For quantitive measurement of the cracking behavior of soil, determining the tensile strength is one of simplest approaches. However, in geotechnical and geoenvironmental engineering practice, tensile strength of soil is assumed to be insignificant because it is a relatively small value compared with compression strength and the lack of a satisfactory measure. Thus, theoretical and experimental study of the unconfined penetration test (UP) method used to determine the tensile strength was conducted, and then the UP device and experimental procedure were modified to reduce the measurement errors and named as the Improved Unconfined Penetration (IUP) test.
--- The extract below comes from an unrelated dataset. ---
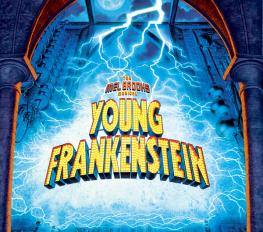 Young Frankenstein show poster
Using the IUP test, experiments were carried out to examine the variation in tensile strength as a function of disk diameter, loading rate and pH level. Results of the experiments provided the following important findings. The tensile strength increases with increase in the disk diameter. The disk diameter with 25.4mm is suitable for the IUP tests, because the specimen's failure pattern for this selected disk diameter satisfy the theory of perfect plasticity adopted in this study. The tensile strength is not sensitive to the loading rate in the range of 0.1%/min ∼ 1.0%/min. The ASTM recommendation for the axial strain for the unconfined compression test is recommended. The tensile strength of specimen compacted with pH 9 of water is smaller than that of specimen compacted with for pH 3 and 6 of water. That is, with a low pH value, the higher the tensile strength, because a lower pH solution increases soil particle bonding stresses. The polluted pore fluid as reflected on pH solution affects the particle size and particle distribution trends. Especially, there are significant variations of the value of D10 causing pollution as reflected by pH solution. The tensile strengths obtained from the IUP test show a little lower values than those the split tensile test, but generally good agreement between two values is observed. Therefore, the IUP test is enough reliable for determination of the tensile strength of the compacted sand-bentonite mixtures. In addition, the results of this study can be usefully used for understanding the cracking behavior of compacted soils and also for design, construction, and maintenance of the geotechnical structures.